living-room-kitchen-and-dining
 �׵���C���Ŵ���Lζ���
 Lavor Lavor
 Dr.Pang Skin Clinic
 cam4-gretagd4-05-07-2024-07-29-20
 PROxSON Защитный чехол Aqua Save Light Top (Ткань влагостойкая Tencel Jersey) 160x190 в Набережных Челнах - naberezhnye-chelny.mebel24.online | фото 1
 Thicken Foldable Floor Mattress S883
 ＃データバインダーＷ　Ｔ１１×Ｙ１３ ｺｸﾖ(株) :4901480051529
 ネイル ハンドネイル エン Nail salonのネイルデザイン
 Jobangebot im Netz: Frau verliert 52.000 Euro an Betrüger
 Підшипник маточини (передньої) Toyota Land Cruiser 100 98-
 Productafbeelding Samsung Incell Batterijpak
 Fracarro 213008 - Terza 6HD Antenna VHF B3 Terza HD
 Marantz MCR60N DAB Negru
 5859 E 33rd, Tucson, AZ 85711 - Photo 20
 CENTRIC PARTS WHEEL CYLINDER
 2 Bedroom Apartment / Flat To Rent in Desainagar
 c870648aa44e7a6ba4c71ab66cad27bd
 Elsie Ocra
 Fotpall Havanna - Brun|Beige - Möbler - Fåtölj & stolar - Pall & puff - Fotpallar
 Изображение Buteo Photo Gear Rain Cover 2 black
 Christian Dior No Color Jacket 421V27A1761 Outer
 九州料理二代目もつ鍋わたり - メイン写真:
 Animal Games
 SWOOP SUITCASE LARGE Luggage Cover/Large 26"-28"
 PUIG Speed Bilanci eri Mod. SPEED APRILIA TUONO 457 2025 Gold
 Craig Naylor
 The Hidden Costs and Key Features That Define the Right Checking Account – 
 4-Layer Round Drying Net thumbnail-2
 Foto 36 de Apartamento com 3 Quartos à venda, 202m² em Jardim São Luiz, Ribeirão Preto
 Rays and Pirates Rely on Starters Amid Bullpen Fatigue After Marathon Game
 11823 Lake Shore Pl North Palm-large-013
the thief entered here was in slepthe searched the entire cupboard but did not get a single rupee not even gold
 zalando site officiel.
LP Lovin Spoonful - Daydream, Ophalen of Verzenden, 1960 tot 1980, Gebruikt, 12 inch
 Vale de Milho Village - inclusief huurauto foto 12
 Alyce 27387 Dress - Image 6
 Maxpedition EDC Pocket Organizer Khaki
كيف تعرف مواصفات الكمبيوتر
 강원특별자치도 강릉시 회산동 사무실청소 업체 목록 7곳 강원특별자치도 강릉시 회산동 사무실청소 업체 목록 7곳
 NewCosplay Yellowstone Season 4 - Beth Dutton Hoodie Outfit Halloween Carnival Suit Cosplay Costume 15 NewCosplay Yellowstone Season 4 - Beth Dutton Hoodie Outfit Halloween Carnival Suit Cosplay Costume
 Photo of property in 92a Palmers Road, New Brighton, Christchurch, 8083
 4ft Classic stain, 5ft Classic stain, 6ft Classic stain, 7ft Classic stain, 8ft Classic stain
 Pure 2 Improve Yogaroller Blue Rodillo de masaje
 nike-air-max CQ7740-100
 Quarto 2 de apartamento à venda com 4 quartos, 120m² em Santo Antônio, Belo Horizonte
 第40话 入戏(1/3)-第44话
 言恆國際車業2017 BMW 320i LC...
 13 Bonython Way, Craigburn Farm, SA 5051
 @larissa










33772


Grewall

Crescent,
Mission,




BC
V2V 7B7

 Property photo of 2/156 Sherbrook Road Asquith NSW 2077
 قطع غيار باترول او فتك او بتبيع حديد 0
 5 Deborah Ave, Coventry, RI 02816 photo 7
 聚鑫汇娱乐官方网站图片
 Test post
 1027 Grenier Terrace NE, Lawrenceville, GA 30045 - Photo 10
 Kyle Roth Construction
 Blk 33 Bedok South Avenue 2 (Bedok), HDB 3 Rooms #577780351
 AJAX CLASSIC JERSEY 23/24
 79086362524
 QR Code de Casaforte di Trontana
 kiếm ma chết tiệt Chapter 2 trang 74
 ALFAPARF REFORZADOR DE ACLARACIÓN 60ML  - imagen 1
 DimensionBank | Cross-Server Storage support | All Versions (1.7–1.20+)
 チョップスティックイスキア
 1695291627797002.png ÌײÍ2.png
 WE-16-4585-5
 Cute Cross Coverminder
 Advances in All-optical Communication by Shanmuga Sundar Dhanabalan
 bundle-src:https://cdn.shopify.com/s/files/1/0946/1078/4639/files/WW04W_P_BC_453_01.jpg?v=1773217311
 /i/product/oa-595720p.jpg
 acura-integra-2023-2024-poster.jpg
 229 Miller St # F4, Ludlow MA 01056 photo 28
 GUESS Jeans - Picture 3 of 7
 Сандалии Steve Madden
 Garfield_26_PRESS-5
···
■ Task to carry out:
Retype only this range exactly: the first line of the data through the line where "Fotpall Havanna - Brun|Beige" appears.

■ Answer for this exercise:
living-room-kitchen-and-dining
 �׵���C���Ŵ���Lζ���
 Lavor Lavor
 Dr.Pang Skin Clinic
 cam4-gretagd4-05-07-2024-07-29-20
 PROxSON Защитный чехол Aqua Save Light Top (Ткань влагостойкая Tencel Jersey) 160x190 в Набережных Челнах - naberezhnye-chelny.mebel24.online | фото 1
 Thicken Foldable Floor Mattress S883
 ＃データバインダーＷ　Ｔ１１×Ｙ１３ ｺｸﾖ(株) :4901480051529
 ネイル ハンドネイル エン Nail salonのネイルデザイン
 Jobangebot im Netz: Frau verliert 52.000 Euro an Betrüger
 Підшипник маточини (передньої) Toyota Land Cruiser 100 98-
 Productafbeelding Samsung Incell Batterijpak
 Fracarro 213008 - Terza 6HD Antenna VHF B3 Terza HD
 Marantz MCR60N DAB Negru
 5859 E 33rd, Tucson, AZ 85711 - Photo 20
 CENTRIC PARTS WHEEL CYLINDER
 2 Bedroom Apartment / Flat To Rent in Desainagar
 c870648aa44e7a6ba4c71ab66cad27bd
 Elsie Ocra
 Fotpall Havanna - Brun|Beige - Möbler - Fåtölj & stolar - Pall & puff - Fotpallar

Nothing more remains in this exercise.